» **Problem requirements**
Transcribe each record precisely; images stay out.

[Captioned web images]
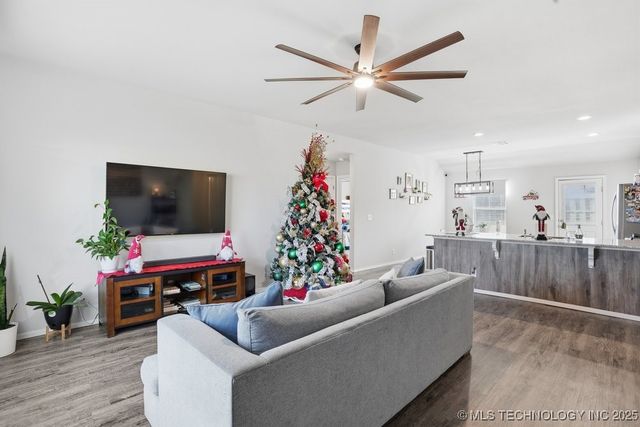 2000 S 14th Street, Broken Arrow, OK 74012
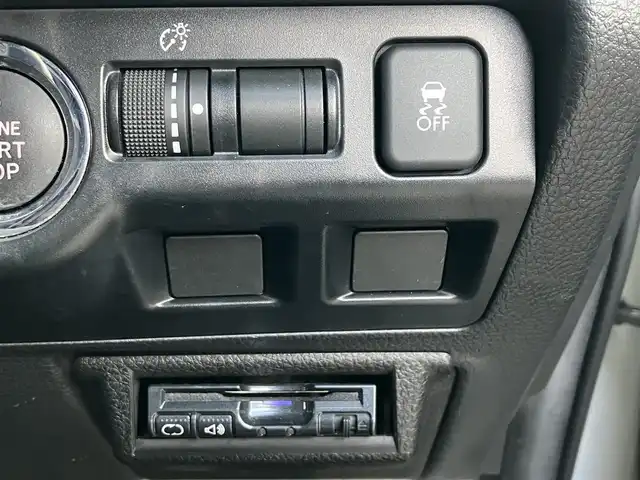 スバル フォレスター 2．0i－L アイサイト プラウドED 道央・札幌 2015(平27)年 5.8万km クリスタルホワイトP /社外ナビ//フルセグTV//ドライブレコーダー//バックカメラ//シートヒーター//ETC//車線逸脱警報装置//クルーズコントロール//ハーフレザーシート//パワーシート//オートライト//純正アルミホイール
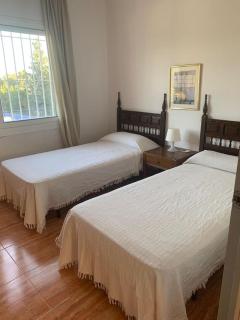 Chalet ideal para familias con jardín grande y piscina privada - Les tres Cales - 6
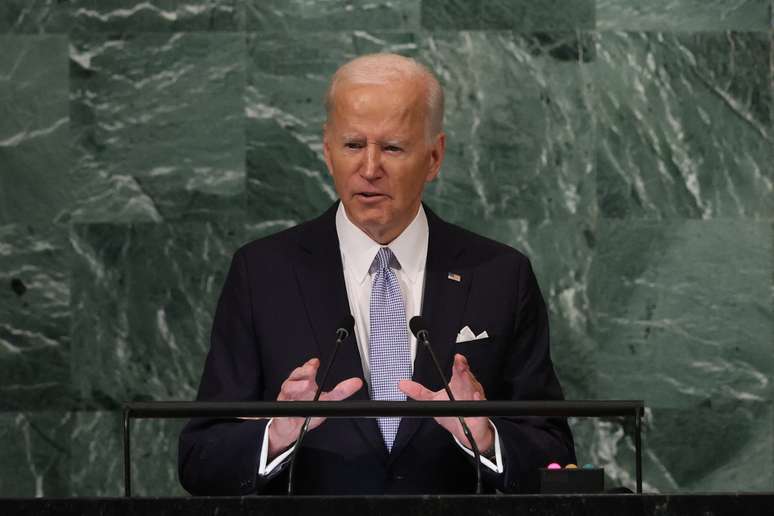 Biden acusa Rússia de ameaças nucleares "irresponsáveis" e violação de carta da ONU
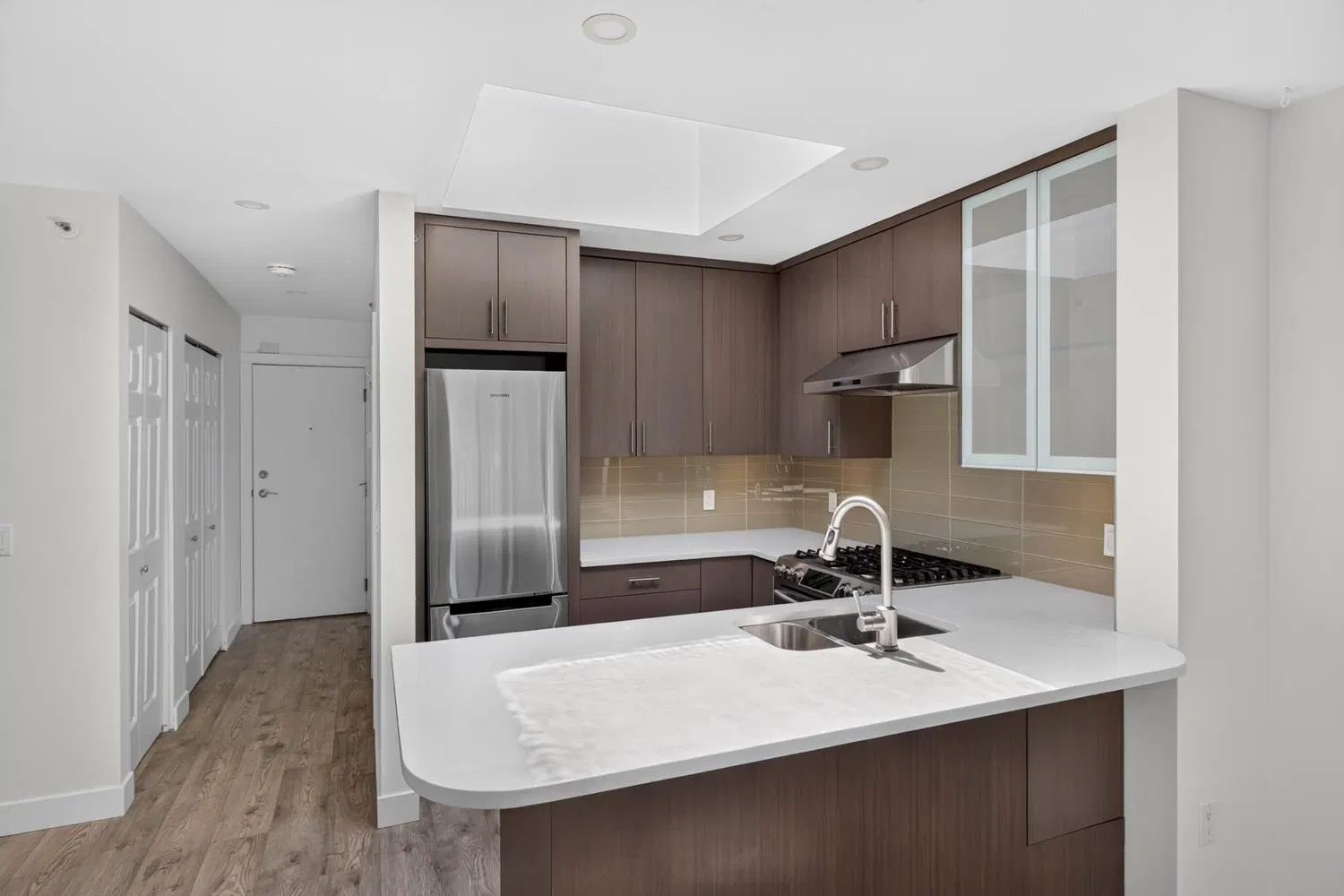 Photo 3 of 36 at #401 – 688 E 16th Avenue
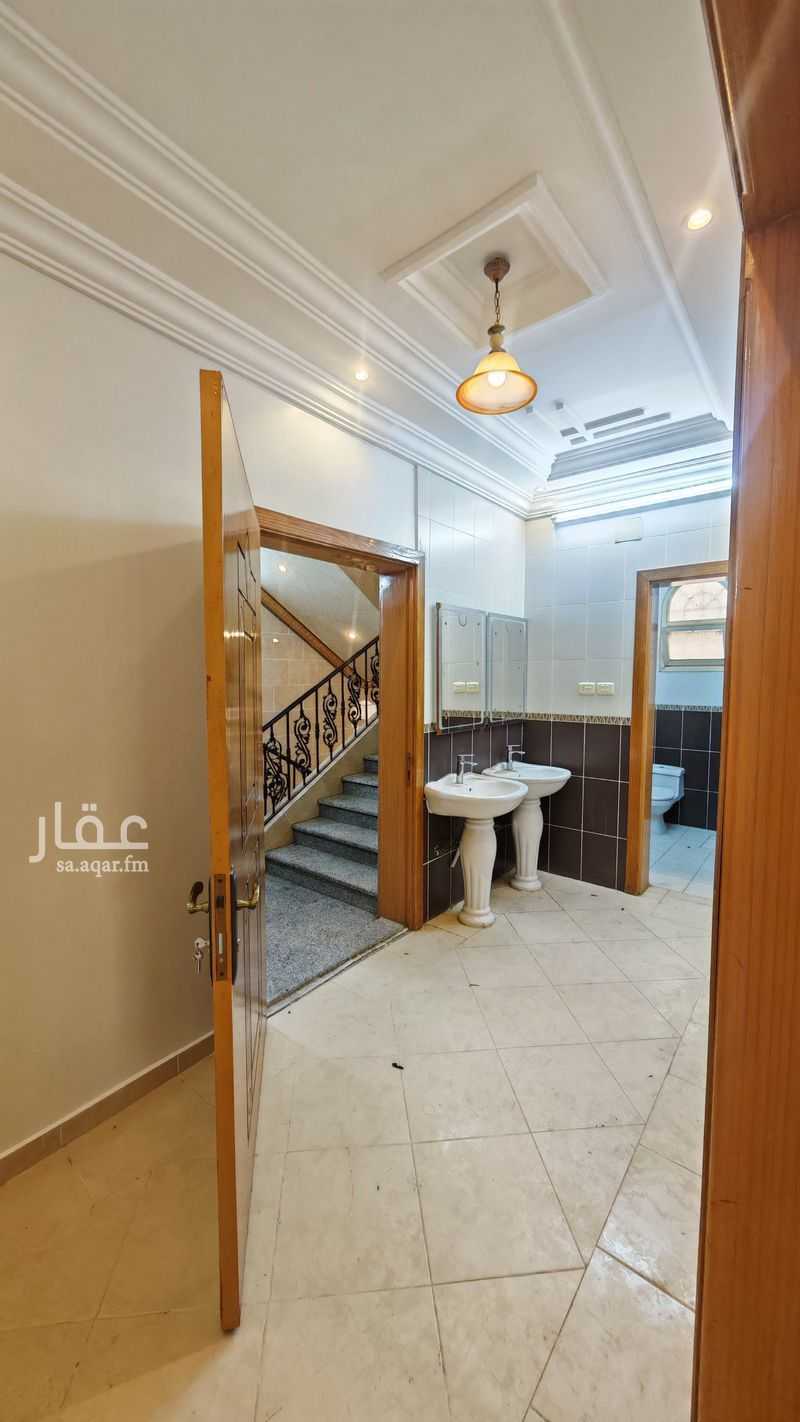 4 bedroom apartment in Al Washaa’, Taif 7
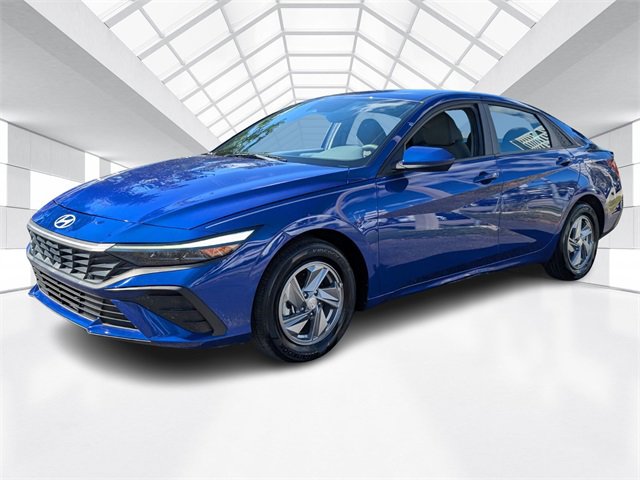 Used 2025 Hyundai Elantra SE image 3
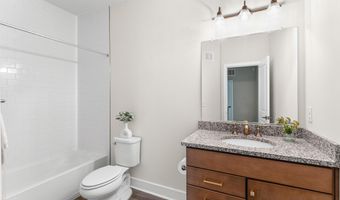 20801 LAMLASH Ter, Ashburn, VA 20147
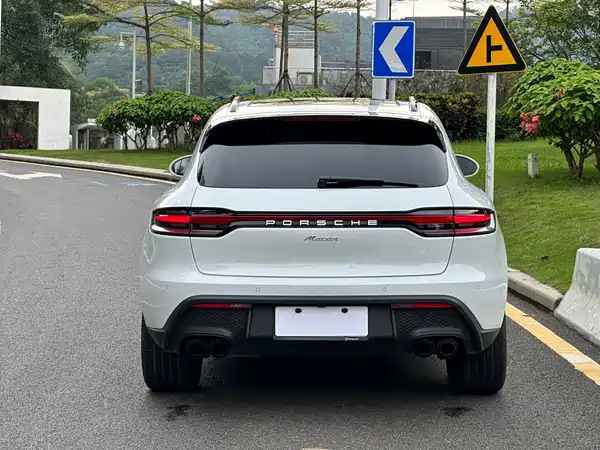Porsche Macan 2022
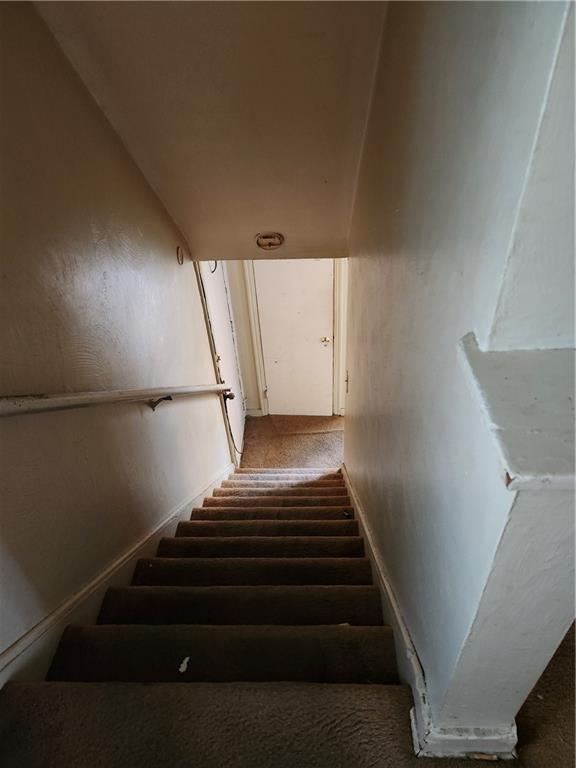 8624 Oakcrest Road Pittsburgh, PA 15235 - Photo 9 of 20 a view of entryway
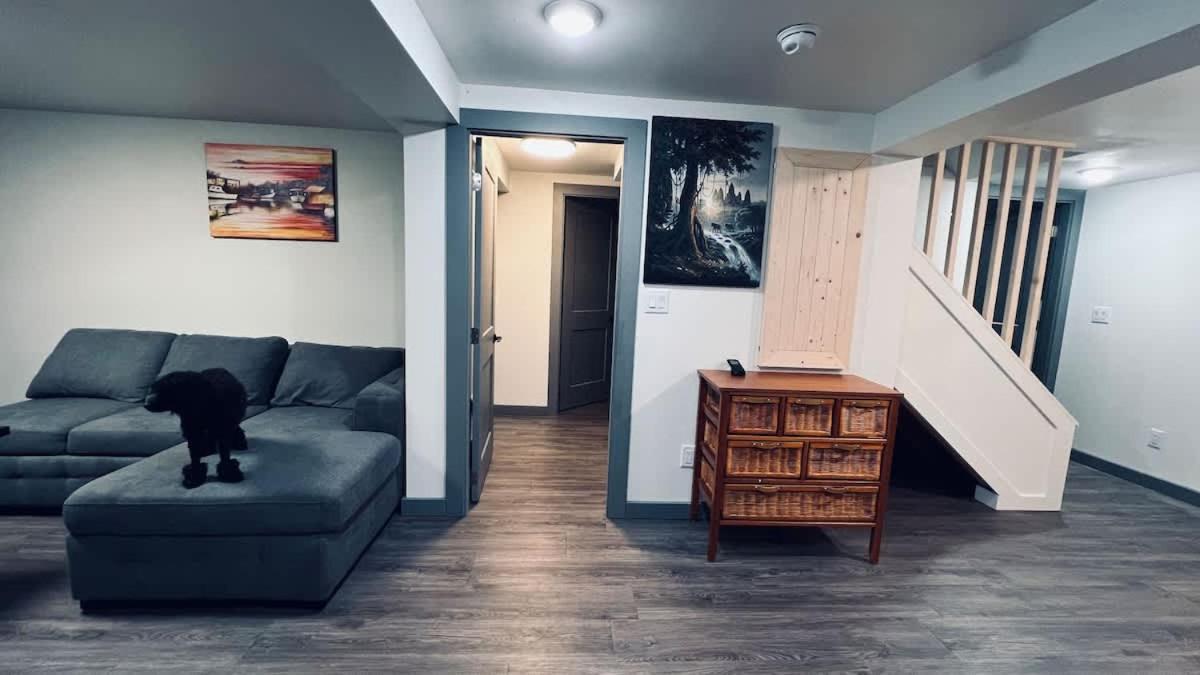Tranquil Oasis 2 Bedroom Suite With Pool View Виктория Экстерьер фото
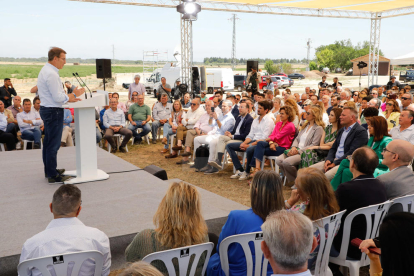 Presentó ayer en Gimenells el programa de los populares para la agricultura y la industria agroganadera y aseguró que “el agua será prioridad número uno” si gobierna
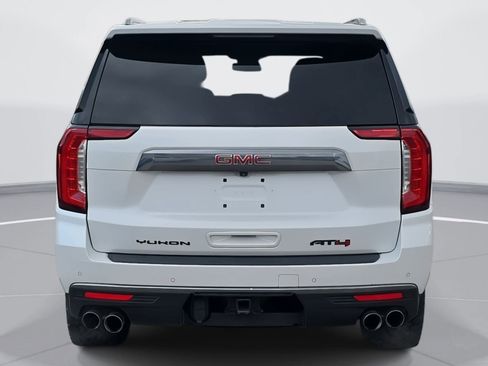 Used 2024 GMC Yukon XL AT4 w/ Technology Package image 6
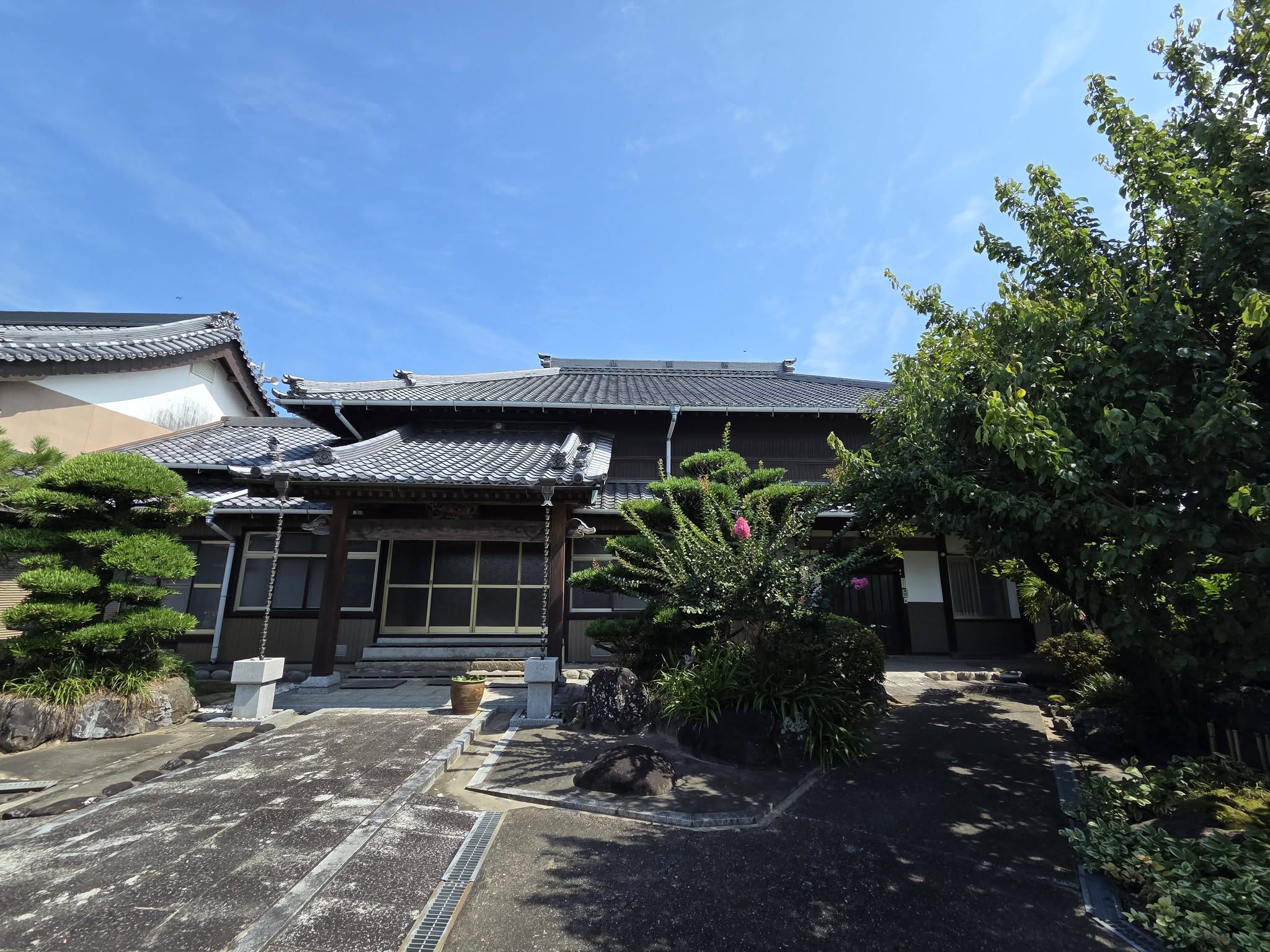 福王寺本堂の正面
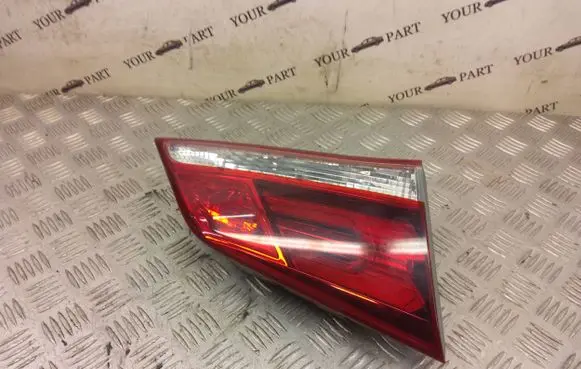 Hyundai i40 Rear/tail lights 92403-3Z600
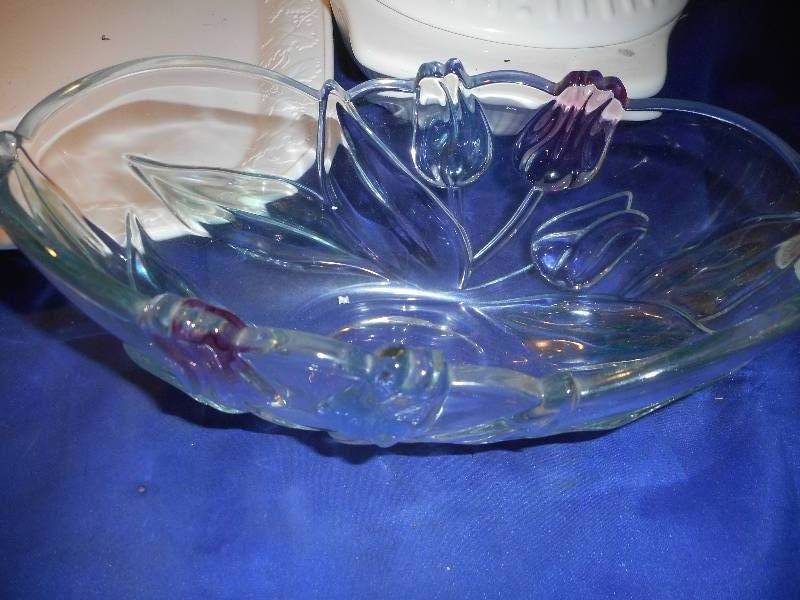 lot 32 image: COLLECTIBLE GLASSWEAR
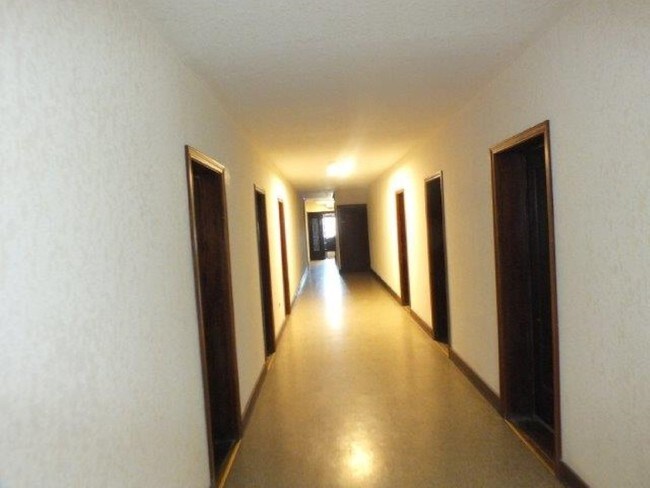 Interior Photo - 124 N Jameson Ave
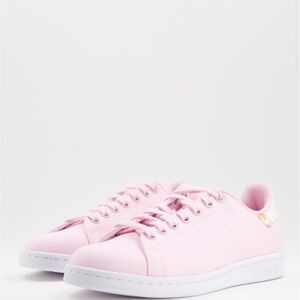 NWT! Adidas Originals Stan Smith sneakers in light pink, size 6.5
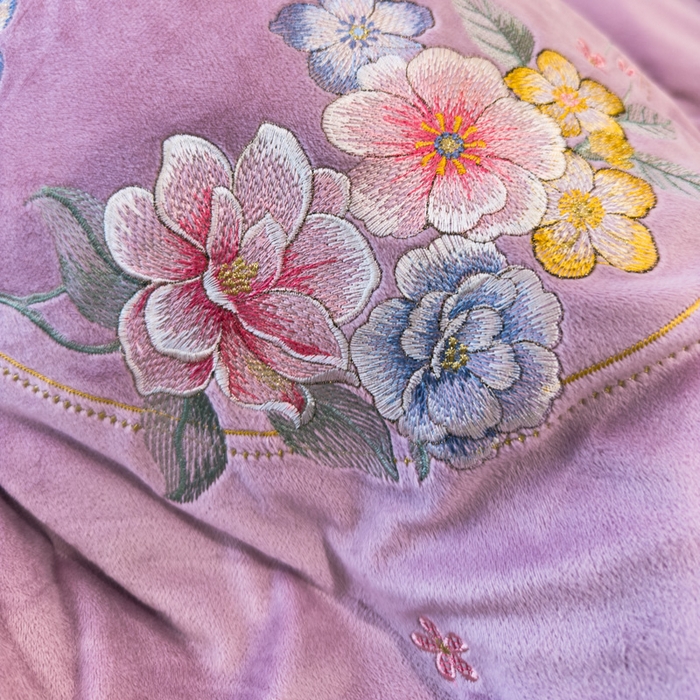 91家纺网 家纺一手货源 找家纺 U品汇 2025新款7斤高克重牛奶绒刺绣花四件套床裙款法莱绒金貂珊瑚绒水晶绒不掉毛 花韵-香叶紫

» **Exercise answer**
 2000 S 14th Street, Broken Arrow, OK 74012
 スバル フォレスター 2．0i－L アイサイト プラウドED 道央・札幌 2015(平27)年 5.8万km クリスタルホワイトP /社外ナビ//フルセグTV//ドライブレコーダー//バックカメラ//シートヒーター//ETC//車線逸脱警報装置//クルーズコントロール//ハーフレザーシート//パワーシート//オートライト//純正アルミホイール
 Chalet ideal para familias con jardín grande y piscina privada - Les tres Cales - 6
 Biden acusa Rússia de ameaças nucleares "irresponsáveis" e violação de carta da ONU
 Photo 3 of 36 at #401 – 688 E 16th Avenue
 4 bedroom apartment in Al Washaa’, Taif 7
 Used 2025 Hyundai Elantra SE image 3
 20801 LAMLASH Ter, Ashburn, VA 20147
Porsche Macan 2022
 8624 Oakcrest Road Pittsburgh, PA 15235 - Photo 9 of 20 a view of entryway
Tranquil Oasis 2 Bedroom Suite With Pool View Виктория Экстерьер фото
 Presentó ayer en Gimenells el programa de los populares para la agricultura y la industria agroganadera y aseguró que “el agua será prioridad número uno” si gobierna
 Used 2024 GMC Yukon XL AT4 w/ Technology Package image 6
 福王寺本堂の正面
 Hyundai i40 Rear/tail lights 92403-3Z600
 lot 32 image: COLLECTIBLE GLASSWEAR
 Interior Photo - 124 N Jameson Ave
 NWT! Adidas Originals Stan Smith sneakers in light pink, size 6.5
 91家纺网 家纺一手货源 找家纺 U品汇 2025新款7斤高克重牛奶绒刺绣花四件套床裙款法莱绒金貂珊瑚绒水晶绒不掉毛 花韵-香叶紫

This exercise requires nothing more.